Sunday, 22 February 2015

Invincible


Why do teenagers think they are invincible? Adults ask with a sly smile smeared across their lips and eyes glass – condescending. As if dauntlessness was the worst thing in the world, as if life has no time for courage or spontaneity or risk-takers or adventurers.

Their invincibility lies in the millions of minutes of their life that are ready to be grasped. It lies in the possibilities that drift around them, university counselling sessions and internet searches that leave the whole world up to be explored, discovered. It lies in the limits that wait to be pushed, the rules that beg to be broken. There exists no fear of failure, no echoing voice inside their heads telling them they’ll lose. Just do it, their voice says.

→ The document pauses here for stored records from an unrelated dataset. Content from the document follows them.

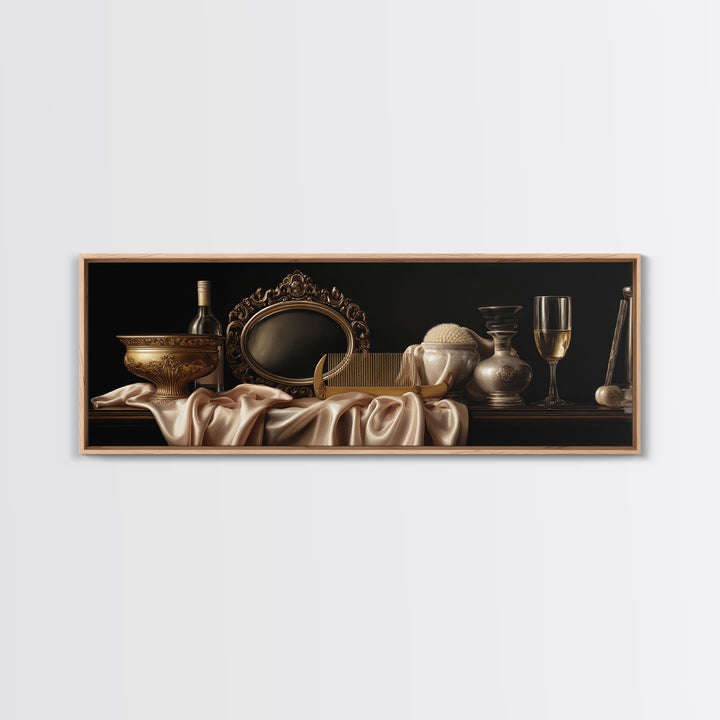 Baroque Mirror and Comb Still Life Framed Canvas Print, Hair Salon Art, Black Girl Art, Living Room Decor, Fine Art, Style, HSA-3x1-81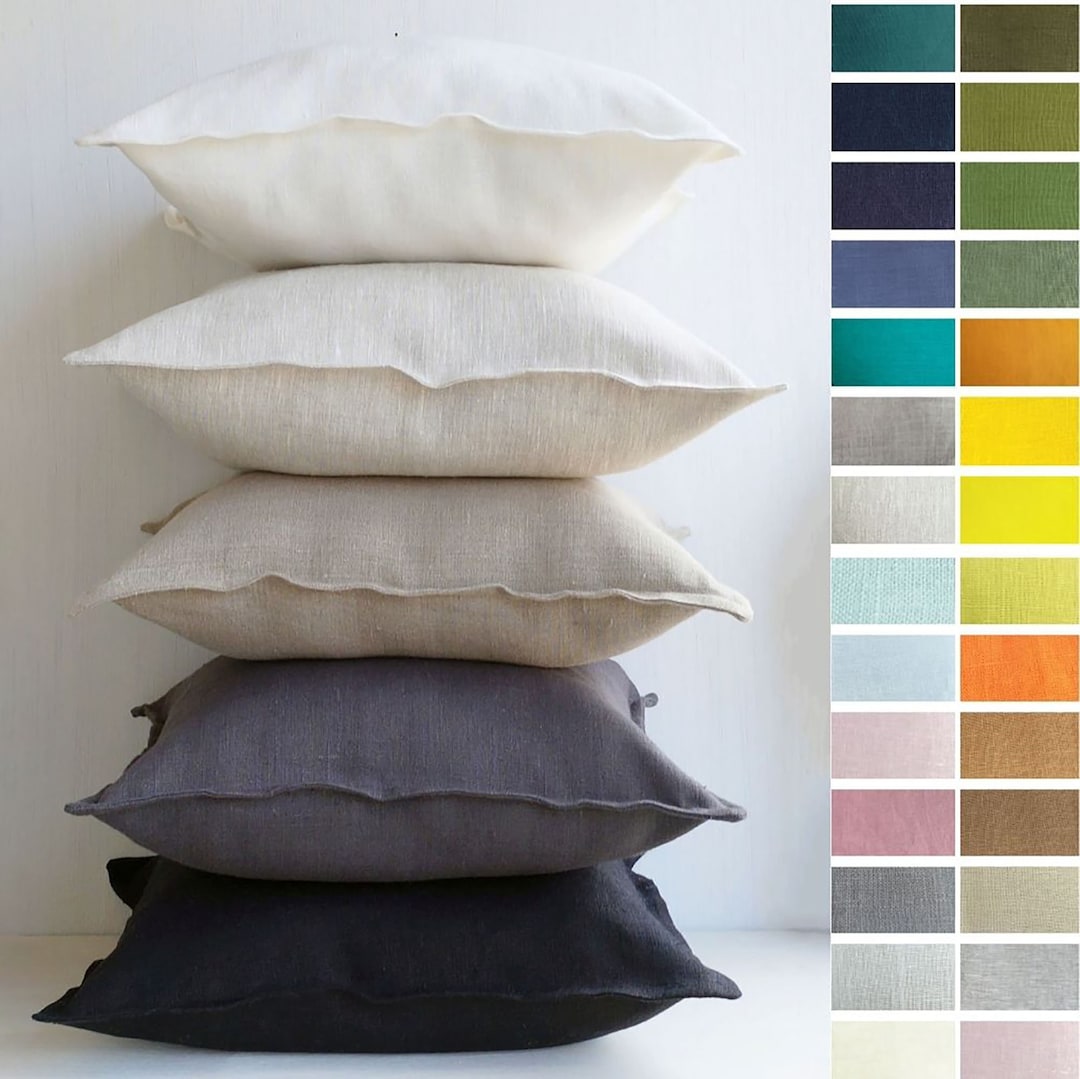 24x24 Black Linen Euro Sham Cover 26x26 Whyte Linen Throw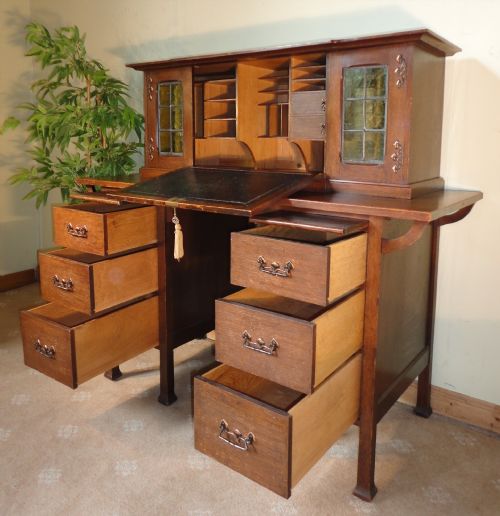 ARTS CRAFTS OAK WRITING DESK POSSIBLY BY MAPLES - ADDITIONAL PHOTO 6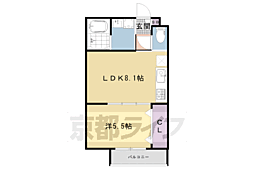 プライベートレジデンス西院II 3階1LDKの間取り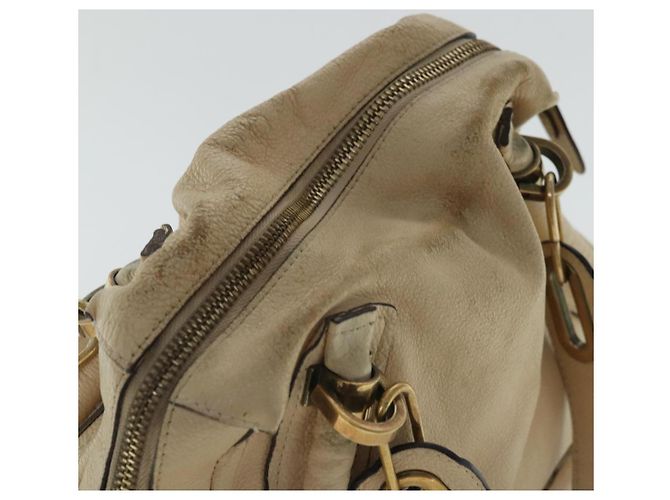 Chloé Borsa a spalla Chloe Paraty in pelle beige oro 2 vie Auth bs19071 D'oro - vista 6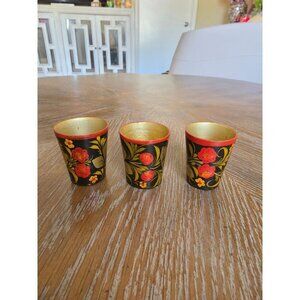 Vintage Hand-Painted Floral Wooden Shot Glasses Set Of 3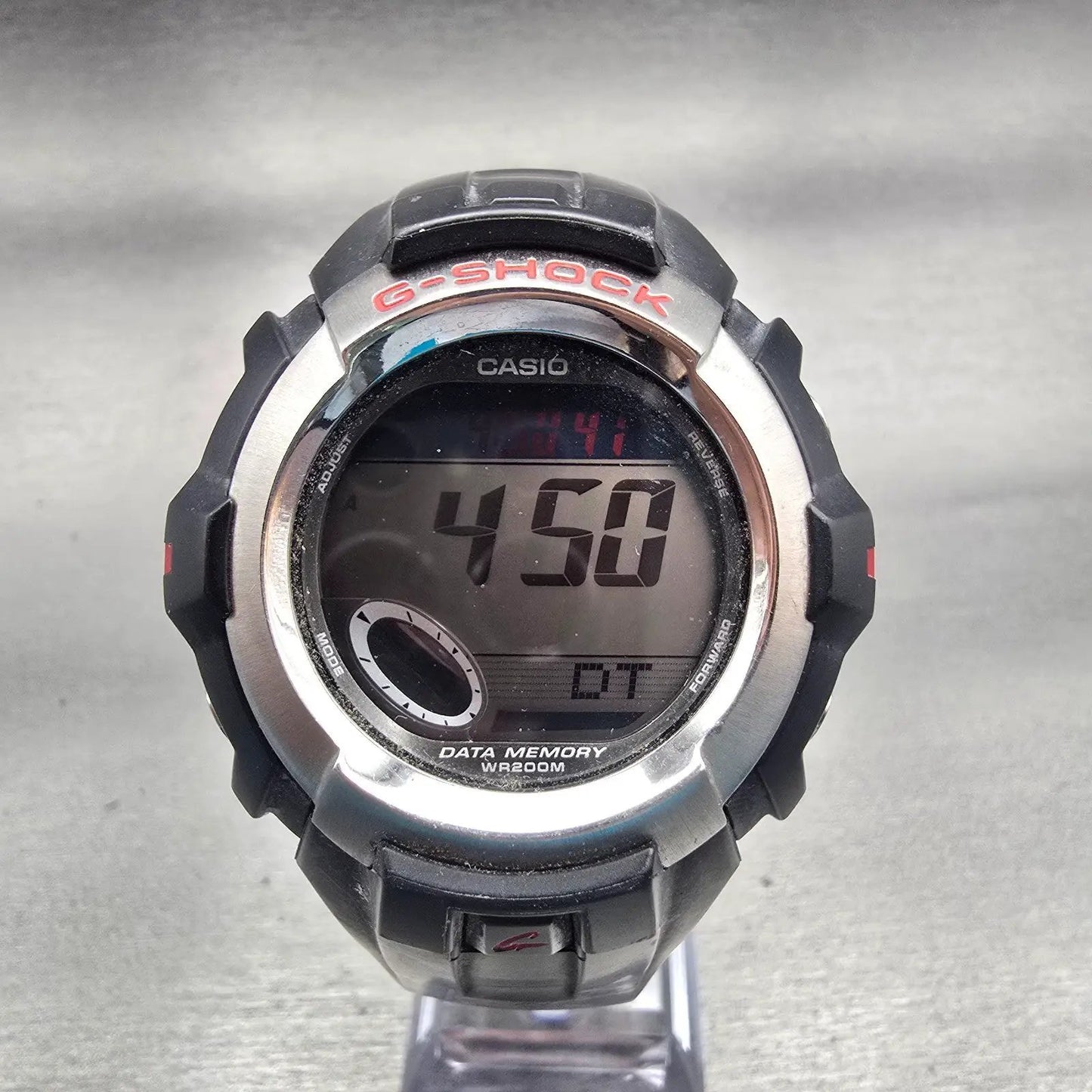 Casio G-Shock G-3011 Watch Men 46mm Digital Black Red Chrono Alarm New Battery0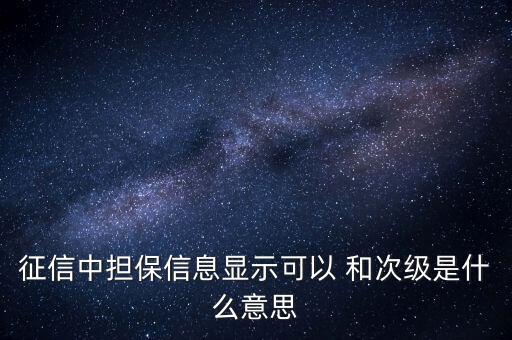 征信中擔(dān)保信息顯示可以 和次級(jí)是什么意思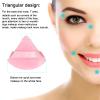 12 Pieces Pink Cosmetic Powder Puff,2.76 inch Portable Soft Sponge Setting Face Puffs,Triangle Velvet Powder Puff with Ribbon Band Handle for Loose Powder Body Powder Makeup Tool view 3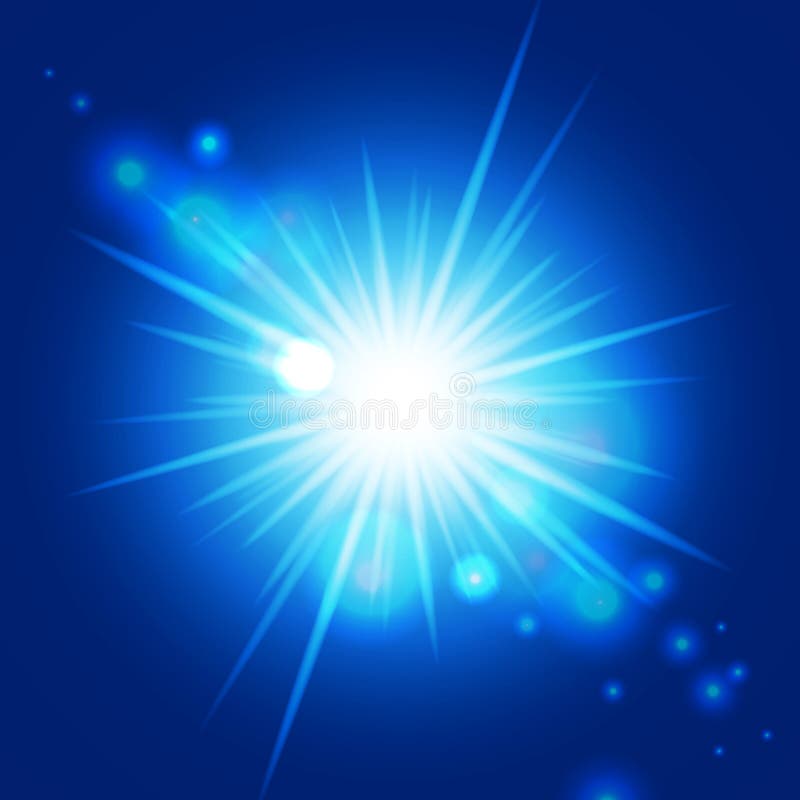 Abstraiga el resplandor solar azul ilustración del vector Abstraiga el resplandor solar azul ilustración del vector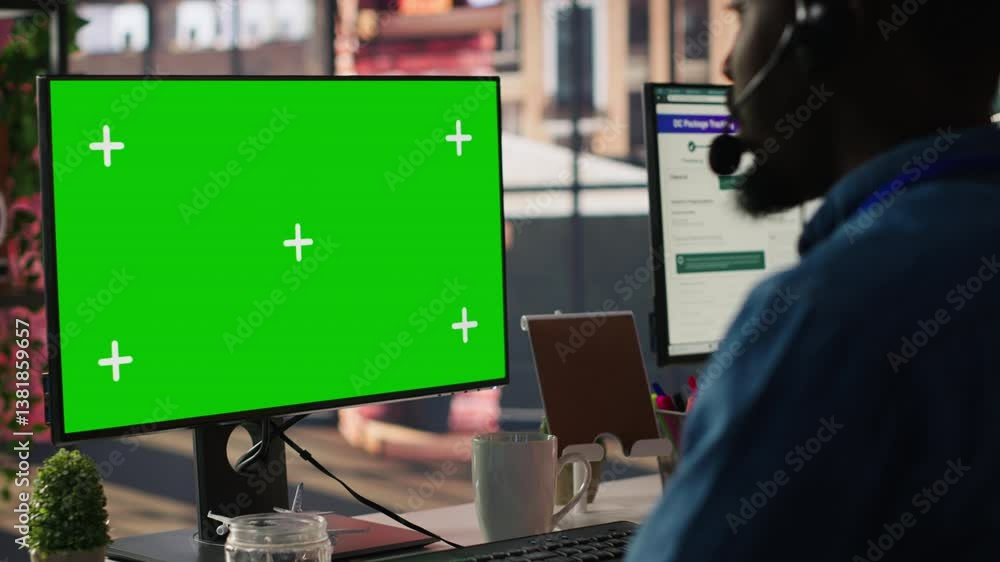 Poster technical support specialist in call center office doing troubleshooting using green screen computer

Teenagers are young, testing alcohol flavours over their tongue, trying to wrap their heads around what it means to grow up. Doing things they know they shouldn’t just for that second of exhilarating thrill. It isn’t that they’re unaware of death; it’s that they’re not afraid of it. Because racing on empty, foreign roads at undeterminable speeds with the roof down and the midnight wind tearing apart the strands of your limp brown hair gives a sense of freedom like no other. It tickles your bones, spills through your veins. That feeling that you belong to nobody, that you yourself have every ounce of control. That’s enough to live for.

And that feeling is what makes us so ready to take a risk, jump at the chance to do something that makes our stomach whirl and skin tingle, something that makes our heart race as fast as our feet running away from trouble, or running right into it. And either way, it becomes an experience. Something we’ll claim to remember forever. Until the next weekend, that is.